**THE PROBLEM:** In the entries below, find the line with "लखनऊ में कृषि" and the line with "Výstavba na sheikh". Repeat exactly everything between them, those two lines included, but not the pictures.

**EXTRACTED INFORMATION:**

++++++++++

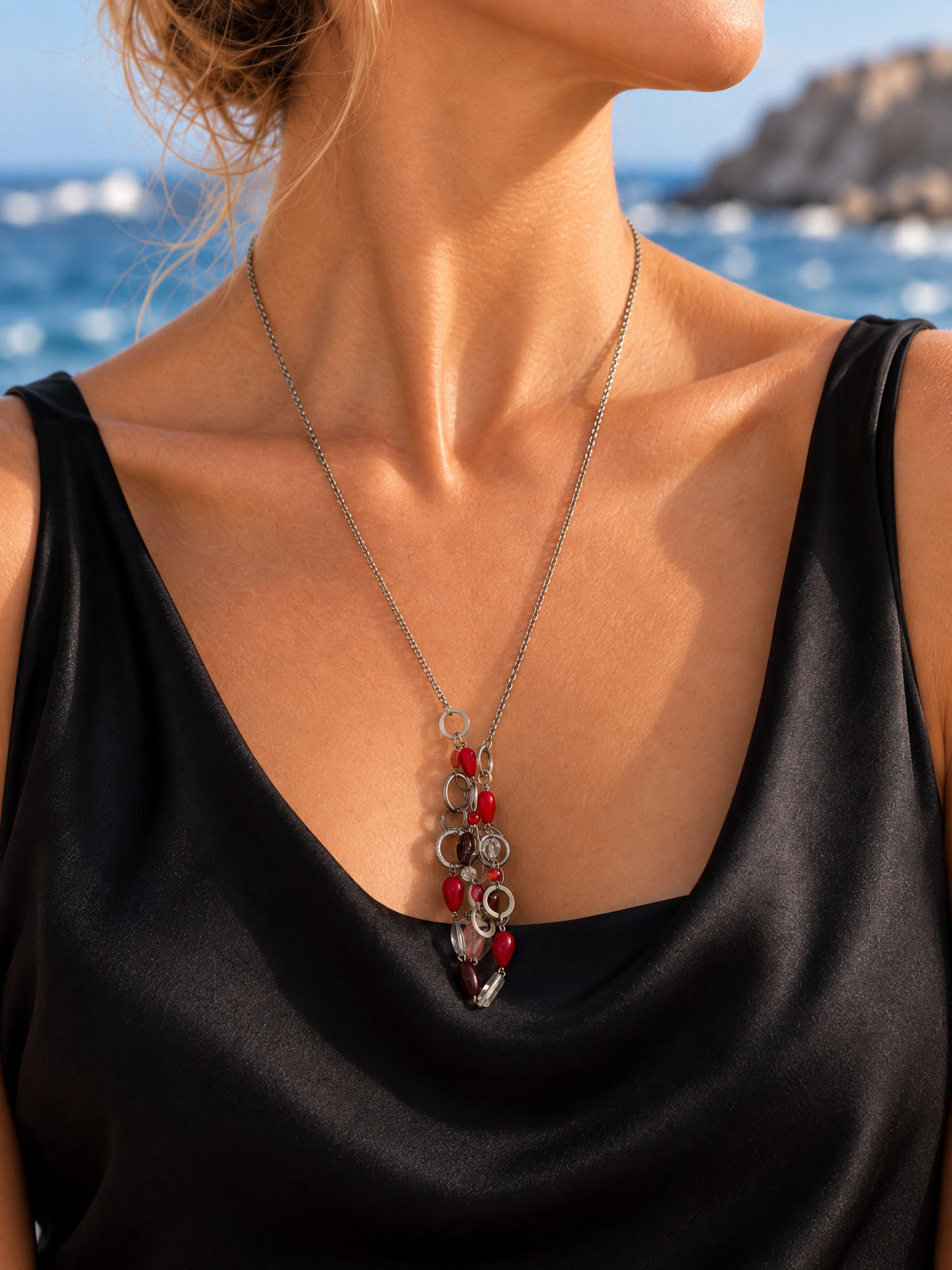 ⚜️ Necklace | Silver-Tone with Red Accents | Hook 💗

++++++++++

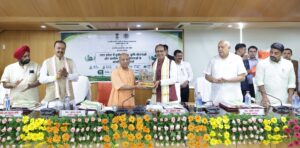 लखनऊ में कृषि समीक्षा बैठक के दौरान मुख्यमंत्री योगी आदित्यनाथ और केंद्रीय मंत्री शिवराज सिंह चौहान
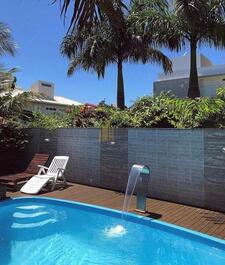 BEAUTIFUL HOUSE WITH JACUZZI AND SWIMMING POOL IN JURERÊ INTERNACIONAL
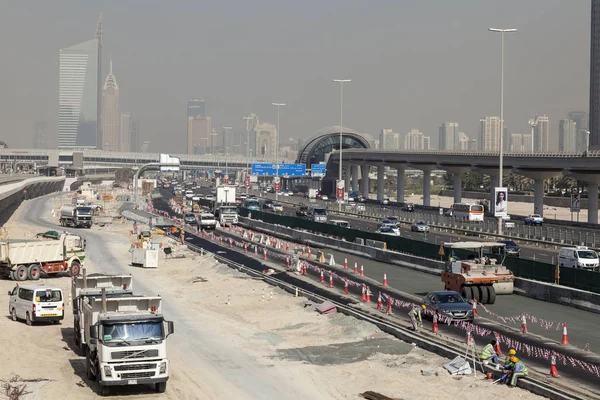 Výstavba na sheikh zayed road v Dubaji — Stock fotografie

++++++++++

**SOLUTION FOR THIS PROBLEM:**
 लखनऊ में कृषि समीक्षा बैठक के दौरान मुख्यमंत्री योगी आदित्यनाथ और केंद्रीय मंत्री शिवराज सिंह चौहान
 BEAUTIFUL HOUSE WITH JACUZZI AND SWIMMING POOL IN JURERÊ INTERNACIONAL
 Výstavba na sheikh zayed road v Dubaji — Stock fotografie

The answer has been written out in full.